REQUIRED ACTION: For every line in the records below that holds "Petite", make a copy.
══ RECORDS TO USE
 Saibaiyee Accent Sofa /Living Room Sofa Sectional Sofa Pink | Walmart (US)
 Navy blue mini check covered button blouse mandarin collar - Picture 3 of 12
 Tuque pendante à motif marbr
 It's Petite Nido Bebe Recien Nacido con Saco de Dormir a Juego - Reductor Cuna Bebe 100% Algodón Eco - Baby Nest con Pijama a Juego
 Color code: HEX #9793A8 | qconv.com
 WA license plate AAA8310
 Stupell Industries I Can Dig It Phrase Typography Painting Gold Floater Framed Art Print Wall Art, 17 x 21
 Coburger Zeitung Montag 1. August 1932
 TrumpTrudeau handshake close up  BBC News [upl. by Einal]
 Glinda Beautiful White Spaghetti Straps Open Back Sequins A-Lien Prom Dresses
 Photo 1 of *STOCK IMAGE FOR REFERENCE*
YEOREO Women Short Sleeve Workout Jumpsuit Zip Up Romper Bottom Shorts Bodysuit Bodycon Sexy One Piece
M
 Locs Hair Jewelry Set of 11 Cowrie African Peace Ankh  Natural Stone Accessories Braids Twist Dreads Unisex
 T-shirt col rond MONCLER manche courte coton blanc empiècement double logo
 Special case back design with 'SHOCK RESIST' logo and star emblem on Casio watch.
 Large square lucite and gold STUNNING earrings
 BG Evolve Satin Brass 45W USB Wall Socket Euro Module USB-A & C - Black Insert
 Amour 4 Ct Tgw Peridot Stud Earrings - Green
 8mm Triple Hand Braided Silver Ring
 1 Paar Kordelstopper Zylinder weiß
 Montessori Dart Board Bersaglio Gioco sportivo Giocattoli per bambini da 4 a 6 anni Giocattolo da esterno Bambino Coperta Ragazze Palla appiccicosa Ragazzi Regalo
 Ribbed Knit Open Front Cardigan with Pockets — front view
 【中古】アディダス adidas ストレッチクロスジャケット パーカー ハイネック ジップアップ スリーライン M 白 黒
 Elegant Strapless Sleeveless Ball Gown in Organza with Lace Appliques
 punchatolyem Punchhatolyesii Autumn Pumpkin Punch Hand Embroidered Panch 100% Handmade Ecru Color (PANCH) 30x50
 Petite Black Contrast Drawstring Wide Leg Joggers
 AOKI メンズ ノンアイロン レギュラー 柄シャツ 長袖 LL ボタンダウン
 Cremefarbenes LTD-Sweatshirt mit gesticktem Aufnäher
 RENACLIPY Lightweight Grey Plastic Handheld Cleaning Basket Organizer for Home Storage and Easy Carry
════
RESULT OF THIS EXERCISE:
 It's Petite Nido Bebe Recien Nacido con Saco de Dormir a Juego - Reductor Cuna Bebe 100% Algodón Eco - Baby Nest con Pijama a Juego
 Petite Black Contrast Drawstring Wide Leg Joggers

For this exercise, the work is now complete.